12. Limitation of Liability

  • All services and tokens are provided “AS IS” and “AS AVAILABLE” without warranties of any kind.
  • The Company is not liable for any indirect, incidental, special, consequential, or punitive damages.
  • The Company’s maximum aggregate liability is limited to the Purchase Price paid by the Purchaser.
  • The Company is not liable for losses due to market volatility, exchange failures, wallet errors, or blockchain network issues.
  • The Company is not liable for regulatory actions taken by any government authority against the Purchaser.

13. Anti-Money Laundering & Sanctions Compliance

  • All purchases are subject to KYC/AML verification and sanctions screening.
  • The Company complies with BSA, USA PATRIOT Act, FinCEN guidelines, and OFAC sanctions programs.
  • Suspicious transactions will be reported to FinCEN as required by applicable law.
  • The Company reserves the right to freeze, withhold, or reverse token purchases if AML concerns arise.

14. Governing Law & Dispute Resolution

  • This Agreement is governed by the laws of the State of Wyoming, United States.
  • Any disputes shall be resolved exclusively in the courts of Sheridan County, Wyoming, USA.
  • The Purchaser consents to the personal jurisdiction of Wyoming courts.
  • Notwithstanding the above, the Company may seek injunctive or other equitable relief in any jurisdiction.

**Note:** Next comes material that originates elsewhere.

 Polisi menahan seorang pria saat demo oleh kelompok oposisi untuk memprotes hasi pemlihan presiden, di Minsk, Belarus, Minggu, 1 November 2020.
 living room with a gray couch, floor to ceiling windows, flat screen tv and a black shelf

15. Entire Agreement & Amendments

  • This Agreement, together with the Whitepaper and the Platform’s Terms & Conditions, constitutes the entire agreement between the parties.
  • The Company reserves the right to amend this Agreement at any time. Updated versions will be posted on the Platform. Continued use after posting constitutes acceptance.
  • In case of conflict between this Agreement and the Terms & Conditions, this Agreement prevails with respect to IB Token purchases.

16. Severability

If any provision of this Agreement is found invalid or unenforceable, the remaining provisions shall remain in full force and effect.

17. Contact

CompanyInfinityBlockchain LLC
Address30 N Gould St STE R, Sheridan, WY 82801, United States
Emailcontact@infinityblockchain.io
Compliancecompliance@infinityblockchain.io
Websiteinfinityblockchain.io

Electronic Acceptance

By completing the token purchase process on the Platform and confirming the required checkboxes, the Purchaser agrees to be bound by this Token Purchase Agreement. Electronic acceptance via the Platform constitutes a legally binding agreement equivalent to a written signature.

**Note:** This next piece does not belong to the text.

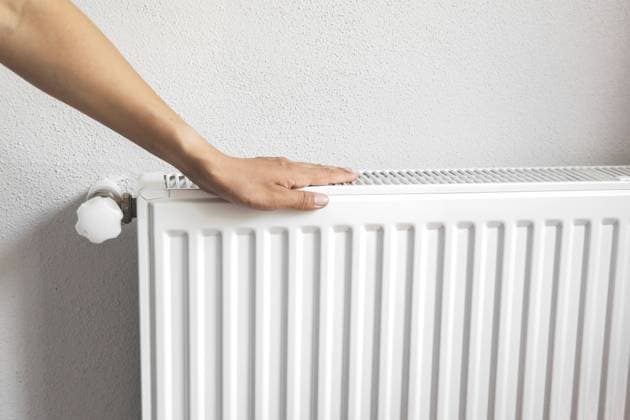 Eine menschliche Hand berührt den weißen Metallheizkörper gegen eine helle Wand, überprüft die Wärme während der Heizperiode und steht für Wohnkomfort, Energieeffizienz und Raumklimakonzept Human hand touching white metal radiator against light wall, checking warmth during heating season, symbolizing home comfort, energy efficiency and indoor climate control concept Copyright: imageBROKER EvgeniiaxGordeeva ibxiqx18667032.jpg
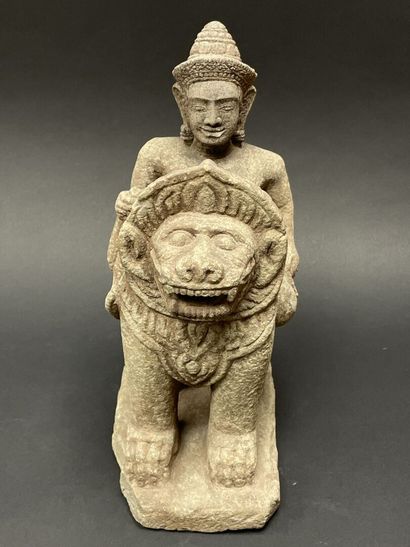 Vishnu riding the roaring Singha Lion, holding...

Purchaser Account[Auto-filled: Account Email]
Purchase Date[Auto-filled: Timestamp]
Tokens Purchased[Auto-filled: Quantity]
Purchase Price[Auto-filled: USD Amount]
Wallet Address[Auto-filled: Registered Wallet]
IP Address[Auto-filled: System]
Acceptance MethodElectronic — Platform Checkbox Confirmation

A copy of this Agreement, together with the purchase confirmation and acceptance record, will be stored in the Company’s database and is available to the Purchaser upon request.